Three Chinese crew who were detained after their fishing boat rammed a Korean Coast Guard vessel and sank on Dec. 18, have been freed, apparently due to pressure from Beijing. "After reviewing video footage and radar records, we were able to determine that obstruction of justice was committed, but we decided to drop the charges since the three were not directly involved, and the ship's deceased captain was the instigator," prosecutors said.

Last week, the Chinese government demanded compensation from Korea and punishment of "those responsible" for the sinking of the Chinese trawler, even though it was the trawler that rammed a Korean ship that was trying to stop illegal fishing in Korea's territorial waters. At the time Korea vowed to launch a thorough investigation once the fishermen were handed over by police. But two days later the situation changed. A senior government official said the two countries "agreed on the need to wrap up the matter in an amicable manner as soon as possible." It is not difficult to imagine what caused police and prosecutors to change their minds.

Seoul may well have felt anxious at the prospect of yet further strain in relations with Beijing, its top trading partner, after North Korea's sinking of the Navy corvette Cheonan and the artillery attack on Yeonpyeong Island. But the steps the Coast Guard took to stop illegal fishing by the Chinese trawlers were in line with an accord signed by Seoul and Beijing as well as international law in the exercise of its sovereign right. It would have been proper for Korea as a sovereign country to investigate and possibly punish the crew of a boat that tried to prevent it from exercising its legal authority. For the sake of diplomacy, there would have been numerous opportunities to free the crew during the legal process, once a court has ruled or during their jail term. This is why Korea is being criticized for kowtowing to China.

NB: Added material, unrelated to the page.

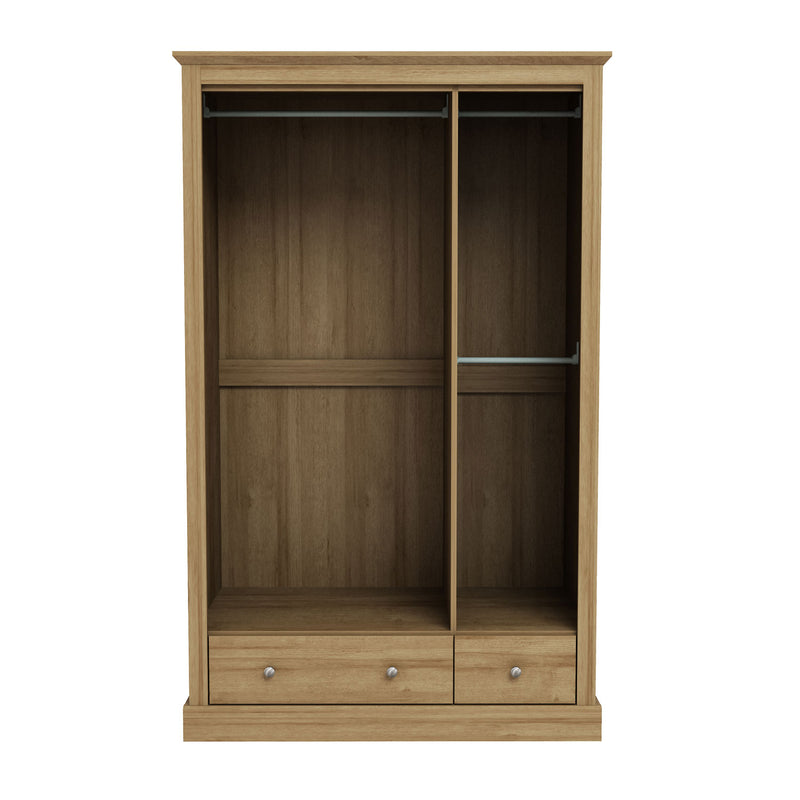Devon Oak Finish 3 Door & 2 Drawer Wardrobe by Lavishway | Wardrobe-35456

It is unclear whether China made any promises to prevent its fishermen from wielding bamboo spears and metal pipes at Korean Coast Guard officers when caught illegally fishing in Korean waters, as they have done repeatedly. In the latest incident, four coast guards were injured. The government set a bad precedent for any future crackdown on illegal Chinese fishing.

Korea's sovereign right to defend its own territory cannot be compromised under any circumstances or by any country. The country must be ready to make sacrifices and pay the price to defend this right. Only countries armed with firm resolve to defend their sovereign rights can wield any diplomatic clout on the international stage. The government should have been more thoughtful in handling the incident.